Draft Draft Draft Draft Draft v0.1

GUIDELINES FOR CONDUCT ON AND USE OF INTERNET

Vint Cerf

President, Internet Society


INTRODUCTION

This document is an attempt to characterize various constructive models of Internet conduct both by those who use the system and by those who provide its services. It is written from the perspective that, taken as a whole, the Internet is a global and shared infrastructure whose utility is, in part, a function of the ability of contituents to cooperate. In particular, the conclusion should be noted that users need to cooperate with users, service providers with other service providers and users and service providers with one another.
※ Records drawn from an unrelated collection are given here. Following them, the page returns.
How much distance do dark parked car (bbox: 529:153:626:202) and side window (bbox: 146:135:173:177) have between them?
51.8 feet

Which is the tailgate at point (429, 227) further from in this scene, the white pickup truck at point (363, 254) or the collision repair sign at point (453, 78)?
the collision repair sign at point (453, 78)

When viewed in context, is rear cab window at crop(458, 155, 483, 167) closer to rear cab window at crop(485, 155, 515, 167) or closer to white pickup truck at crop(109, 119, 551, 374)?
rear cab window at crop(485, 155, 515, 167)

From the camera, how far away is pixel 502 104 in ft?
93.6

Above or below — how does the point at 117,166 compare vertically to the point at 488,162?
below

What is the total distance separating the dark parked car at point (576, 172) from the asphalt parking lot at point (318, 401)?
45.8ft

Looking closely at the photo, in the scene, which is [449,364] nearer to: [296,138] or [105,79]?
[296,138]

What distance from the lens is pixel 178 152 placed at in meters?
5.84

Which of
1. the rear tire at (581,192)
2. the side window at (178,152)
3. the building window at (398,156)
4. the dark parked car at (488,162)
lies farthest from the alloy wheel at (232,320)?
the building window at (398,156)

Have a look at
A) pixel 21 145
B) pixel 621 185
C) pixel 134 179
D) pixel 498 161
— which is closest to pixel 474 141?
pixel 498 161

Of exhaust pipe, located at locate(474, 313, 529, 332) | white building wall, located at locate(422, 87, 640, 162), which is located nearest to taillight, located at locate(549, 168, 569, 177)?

The use of the term "infrastructure" is very deliberate here. Although still modest in scale compared to the global telephone system and far less pervasive that national road systems, the Internet has reached the point where it can be reasonably characterized as an infrastructure upon which vital activities are now dependent. A significant part of the R&D; community is very dependent on the daily and reliable operation of the Internet and various business and government enterprises are becoming more so. The general public is only just beginning to discover and explore the potential of this mode of telecommunication.

As is true of many other kinds of infrastructure, users and service providers commingle in complex ways. There are some parallels with the road system. There are privately owned roads and driveways which interlink with public thoroughfares and highways. Vehicles are owned and operated by all sectors. In the Internet, users own computers and local networks and routers (or, at least, the user's institutions own these assets). Service providers own or lease switching equipment and telecommunications facilities. Private and public network operators must cooperate and users often also serve as information suppliers by operating anonymous FTP archives, Web servers, gopher servers, email distribution lists, and so on.
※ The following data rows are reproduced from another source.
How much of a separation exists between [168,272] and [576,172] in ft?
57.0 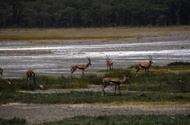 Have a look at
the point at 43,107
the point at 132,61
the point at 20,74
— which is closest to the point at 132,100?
the point at 43,107

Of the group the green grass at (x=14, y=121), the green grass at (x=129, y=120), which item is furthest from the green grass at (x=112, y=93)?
the green grass at (x=14, y=121)

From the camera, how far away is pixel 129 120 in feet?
51.3

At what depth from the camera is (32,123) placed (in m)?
15.8

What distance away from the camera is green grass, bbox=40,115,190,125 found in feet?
49.6

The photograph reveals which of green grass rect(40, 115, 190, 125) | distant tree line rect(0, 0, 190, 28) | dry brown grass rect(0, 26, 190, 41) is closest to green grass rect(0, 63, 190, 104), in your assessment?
green grass rect(40, 115, 190, 125)

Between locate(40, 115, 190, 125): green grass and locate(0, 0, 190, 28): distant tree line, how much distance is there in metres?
118

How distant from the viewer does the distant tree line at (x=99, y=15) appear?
13538 cm

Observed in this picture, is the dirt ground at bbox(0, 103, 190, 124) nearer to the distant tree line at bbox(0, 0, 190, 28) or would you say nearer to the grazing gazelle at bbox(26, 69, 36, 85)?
the grazing gazelle at bbox(26, 69, 36, 85)

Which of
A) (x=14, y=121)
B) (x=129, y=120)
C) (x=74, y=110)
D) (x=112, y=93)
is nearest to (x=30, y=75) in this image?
(x=112, y=93)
The collection of users and service providers affect one another in complex ways and it is partly because of these interactions that commonly-held codes of conduct are important to develop and to observe. As any system approaches infrastructual proportions, concern for public well-being is a natural development. The Internet already touches such a large community that concerns over privacy, security, treatment of intellectual property and various kinds of torts (harmful, damaging incidents) have been raised in legislative bodies. The Internet community can contribute to informed discussion on these matters through production of documents such as this one. Without informed debate, there is always the possibility that laws will be created which are inimical to achieving the potential benefits of a global information infrastructure.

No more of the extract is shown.